Exercise data section start
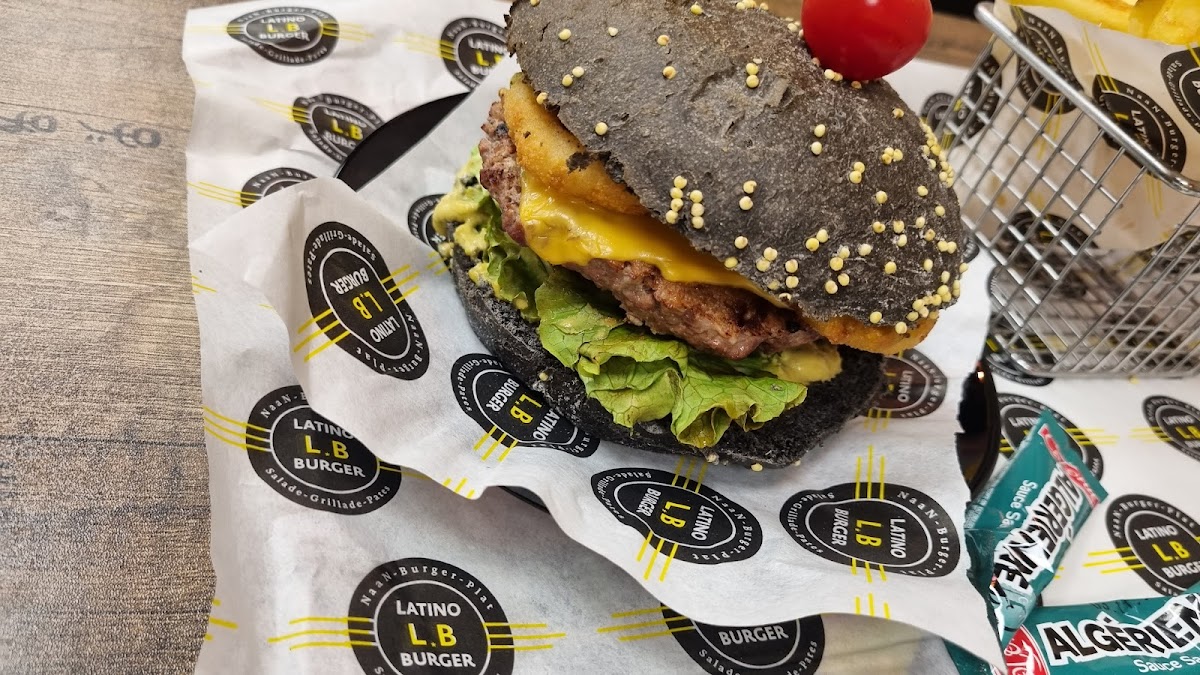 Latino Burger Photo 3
Exercise data section end
Exercise data section start
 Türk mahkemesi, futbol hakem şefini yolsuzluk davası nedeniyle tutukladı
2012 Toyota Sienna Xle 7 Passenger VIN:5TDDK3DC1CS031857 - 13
Exercise data section end
Please copy, exactly as written, every line in the listing above from the line with "Türk mahkemesi, futbol" up to and including the line with "2012 Toyota Sienna".

[Exercise answer]:
 Türk mahkemesi, futbol hakem şefini yolsuzluk davası nedeniyle tutukladı
2012 Toyota Sienna Xle 7 Passenger VIN:5TDDK3DC1CS031857 - 13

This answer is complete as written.